Najbardziej komunikowaną ofertą u babci (i najtańszą z połączeniami i SMSami bez limitu) jest #BEZLIMITU za 29 zł miesięcznie. Mamy w tym 7 GB Internetu (teraz w promocji, normalnie 4 GB) i kilka serwisów społecznościowych rozliczanych poza limitem danych.

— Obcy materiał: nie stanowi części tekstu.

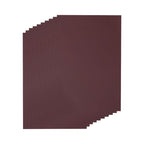 Mysterious finger smoke magic props
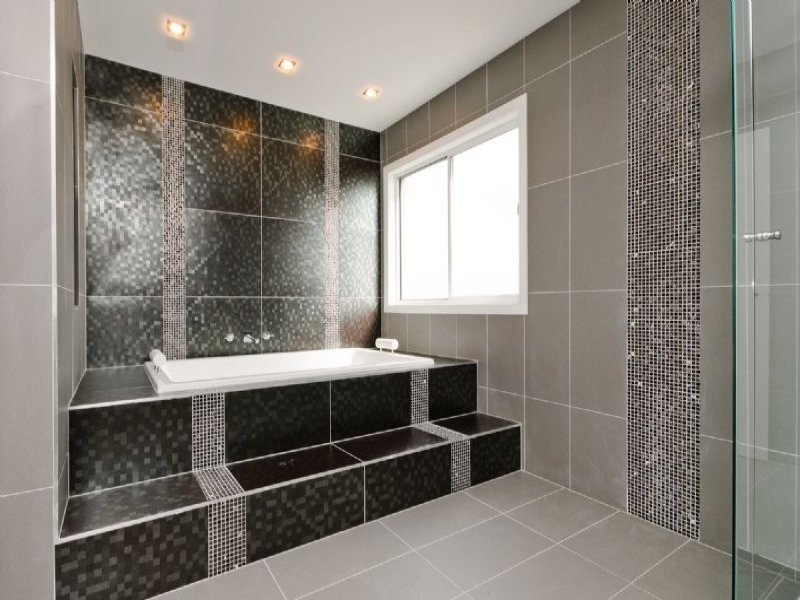 33 Corringa Way, Craigieburn VIC 3064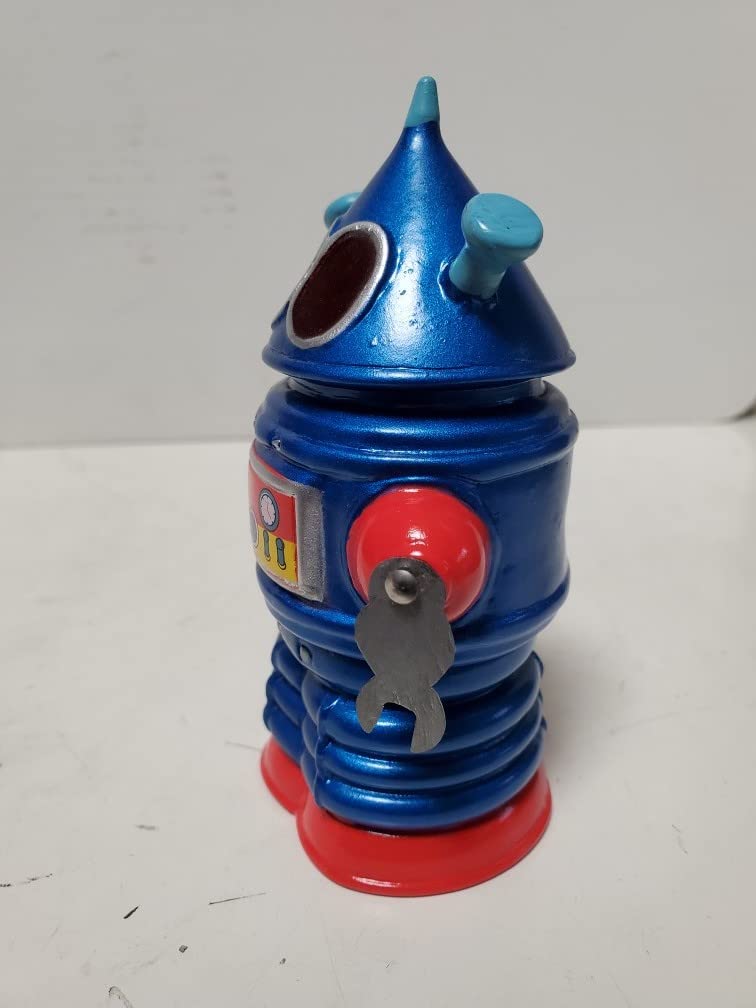 レアソフビ　トーキョー　ロボット　東映 Amazon.co.jp: 現状品 ソフビ トーキョー・ロボット 東映 : おもちゃ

Najbardziej chyba odpowiednią do porównania będzie znów nasza T2 ale z nieco zmniejszonym pakietem danych (do 5 GB). Z trzech powodów: pakiet do 7 GB zwiększony jest w promocji, siódemce bliżej do piątki niż do dziesiątki, a lista serwisów nie zużywających danych u nich jest skromniejsza.
Babcia nie oferuje też MMSów.

Teraz matematyka:

(T2 5GB) 69,95 zł x 24 mce + 2379 zł (koszt opłaty na start) = 4 057,8 zł (TCO w T-Mobile)
29 zł x 24 mce + 3 349 zł = 4 045 zł (TCO u babci)
10 zł. Spektakularna porażka. – Spróbujemy się z niej podnieść w odcinku drugim podsumowują te wyliczenia.

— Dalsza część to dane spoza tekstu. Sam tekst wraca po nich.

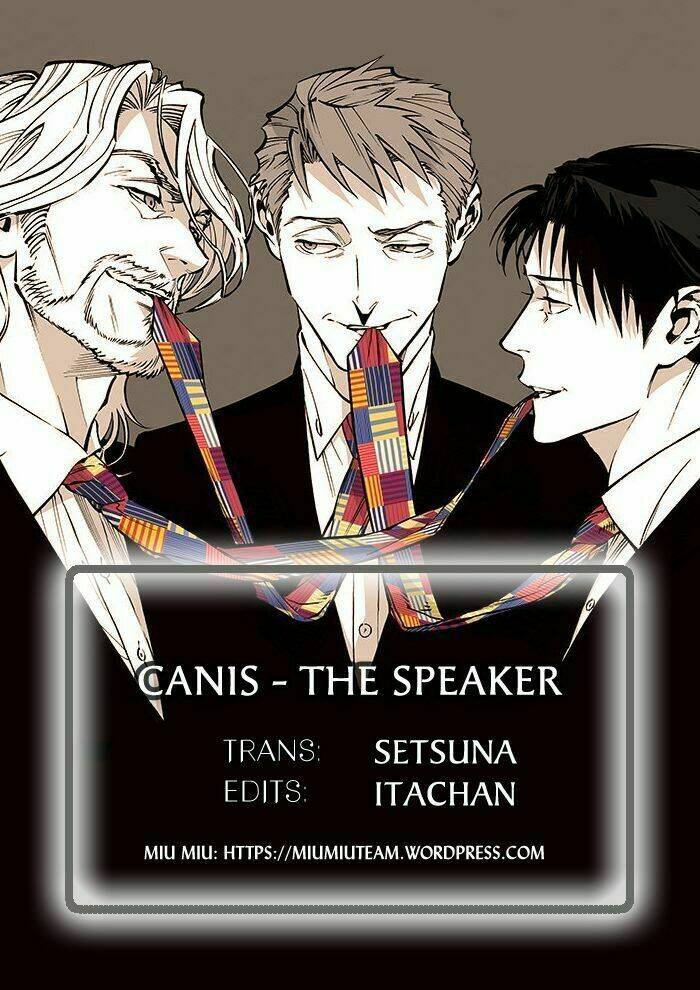 canis-the-speaker/11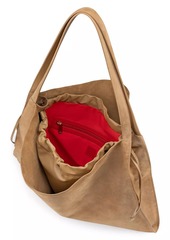 Christian Louboutin Le 54 Tote Bag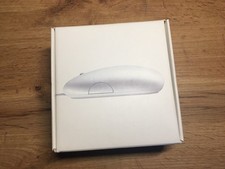 Souris filaire apple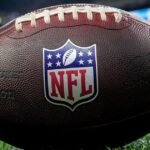 What to expect from 2026 NFL season as teams finalize rosters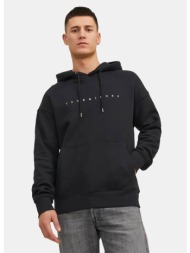 jack & jones jjestar jj sweat hood noos (9000185751_1469)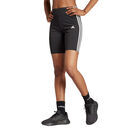 Adidas Shorts De Ciclismo Essentials 3 Franjas image number null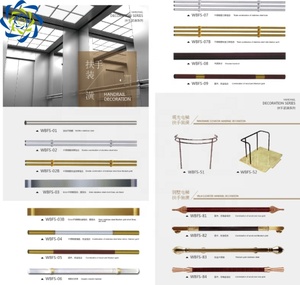 Mr P Kualitas Tinggi <span class=keywords><strong>200Kg</strong></span> Sekrup Drive dengan Harga Murah Villa Lift Indoor <span class=keywords><strong>Home</strong></span> Lift Villa Lift Di Cina - Product Image 3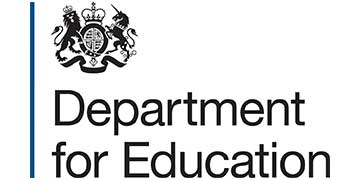 Department For Education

Kolejne wyliczenie – za 39 złotych dostajemy only nielimitowane połączenia i SMSy i MMSy oraz 13 GB danych.

Porównywalny abonament mamy w opcji T2: nielimitowane połączenia i wiadomości, oraz 10 GB danych (przy czym realnie dzięki serwisom nie obciążającym pakietu starcza on na odczuwalnie dłużej; u mnie np. Facebook od początku miesiąca zużył 1,32 GB, TIDAL 2,05 GB, Twitter i WhatsApp łącznie ok 0,5 GB). Do tego chmura za darmo, dwie ekstra karty do data sharingu itd.

liczenie:

39 zł (koszt porównywalnego abonamentu u konkurencyjnego operatora) x 24 mce + 3 350 (koszt urządzenia) = 4 285 zł (TCO dwuletniego „kontraktu”)
79,95 (abonament w T2) x 24 mce + 2 249 zł (opłata na start) = 4 167 zł (TCO dwuletniego kontraktu)
Łamiąca wiadomość – niestety nie jest drożej. Właściwie to jest nawet taniej, a już zupełnie taniej jest dla przenoszących, bo wówczas nasze osławione TCO wynosi 3 694 zł (czyli 590 zł mniej).

niby dziś #blackfriday ale w sumie to jak to policzyliśmy to u nas smartfony warto kupić na co dzień – konkluduje T-Mobile.